So the first step is obviously going to be working out which of the six of us need to tell my parents what cup stacking is and how it's more appropriate for them since they are officially elderly.  I'm nominating my older brother because he's the oldest and it's his job.  Suck it up Bro.

The second step is going to be coaxing my big brother out from under the duvet about a week after they tell him what they think of his cup stacking idea.

And your point about brass cleaning is what Mum?
The third step is to work out why they are so resistant to care.  I mean they're elderly now, they've clearly got to be taken care of before they spend our inheritance on all this fabulous jaunting.  And brass cleaning is an excellent way of keeping finger dexterity.

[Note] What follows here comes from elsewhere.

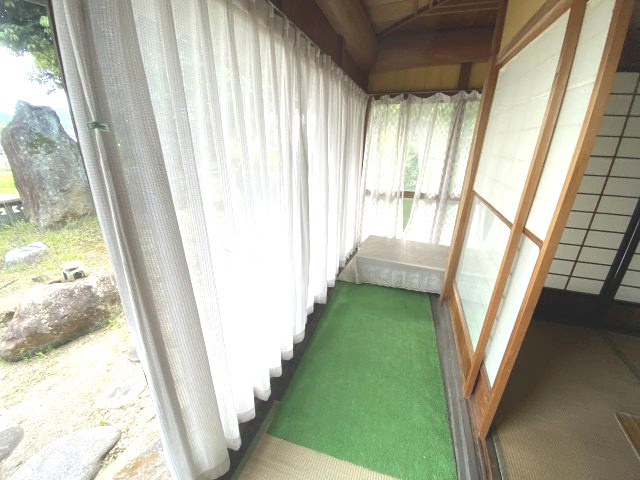 斐川町上庄原　戸建ての和室|１F　和室前縁側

Step four will be admonishing my father for demonstrating his finger dexterity by flipping the finger.  I do not think swearing in sign language is acceptable elderly behaviour.

Step five will involve all of us ringing each other to discuss our differing view points on why our elderly parents are being so uncooperative about our commitment to their well being.  Will probably send in the little sister to explain to them how they could be better at being elderly as she's generally deemed the sensible one and the parentals will at least let her finish her pitch.

Step six will be to send flowers to the little sister to say thanks and we're very sorry that she's been disowned.

Step seven will be to curtail their social activities.  No more volunteering, catching up with friends, motorcycling, going to the football, exercise classes, overseas travel, technology, girls nights out.  I suspect the quickest way to do this is to print obituaries in the local paper so people stop calling and inviting them places.

Step eight will be to write an open letter to be printed on the front page of the local paper apologising for not inviting people to the funerals my parents never had.  Who would have thought so many people get upset about not knowing about funerals.

Step nine will be to let him continue being crap at being elderly.  Sometimes you just have to let people learn things for themselves and if they are going to insist on living full and enriching lives they will only have themselves to blame in twenty years.

(inappropriate elderly people who will make your day)
And to be completely fair to them, cup stacking is extremely boring. What about you?  Are your parents hard to bring up properly too?